I just noticed the date of his death and see he was only 44 when he died. It makes me think of passages Robertson Davies wrote in Fifth Business, or maybe, What’s Bred in the Bone, where a priest is reflecting on his evolving understanding of the life of Jesus. The priest (if I remember this correctly), now an old man, is speaking to someone he knew in his youth, when he was new to the priesthood and his fervor was strong and his ideas about Christ and religion seemingly set for life.
“How do you feel about your religion now? The same as you did then?” his questioner asks.
“I am more than twice as old now as Jesus was when he died,” said the old priest. “Things do look very different, from where I am today.”
Forgive the paraphrasing and the misremembering, all you Davies fans. What struck me at the time I read the passage was the likely truth of the old man’s words. I was younger then – 33 or 34, about the age of Jesus when he died – and I thought that some day I might look back on those words and weigh them.
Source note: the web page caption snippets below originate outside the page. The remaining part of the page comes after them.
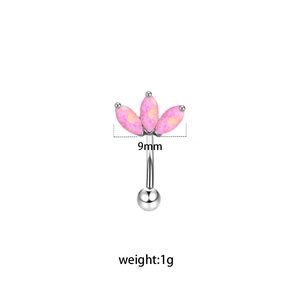 Detail view of 9mm curved stainless steel eyebrow piercing with three pink opal stones
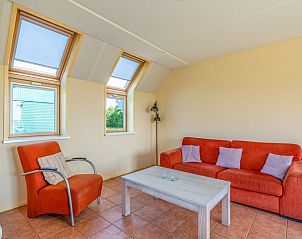 Gezellige woonkamer van Vakantiehuisje in De Cocksdorp, Texel met comfortabele zitruimte en veel natuurlijk licht door dakramen.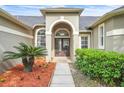 Inviting front entrance with double doors, arched transom window, and lush landscaping at 339 Hammock Dunes Pl, Orlando, FL 32828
Well, I am too busy to weigh them now. All I can do is hold them up in the light of this coffee shop window and turn them a bit. They seem true, the light shines through them. I can reflect on the life and pain and glory of Gerard Manley Hopkins from a new perspective, that of outliving his 44 years; that of surviving some hellish years of my own.
I don’t have any great wisdom or insight to offer, just that yes, things do look different from the perch at the end of the branch. Flight is inviting, it always has been. Endurance is important, if only because we say it is. Not leaving the branch before our time means everything in the world to those who’s lives we light, and to those whom in turn light our own.
Thank you, amuirin, for your question. I am so glad you are able to stop and wander.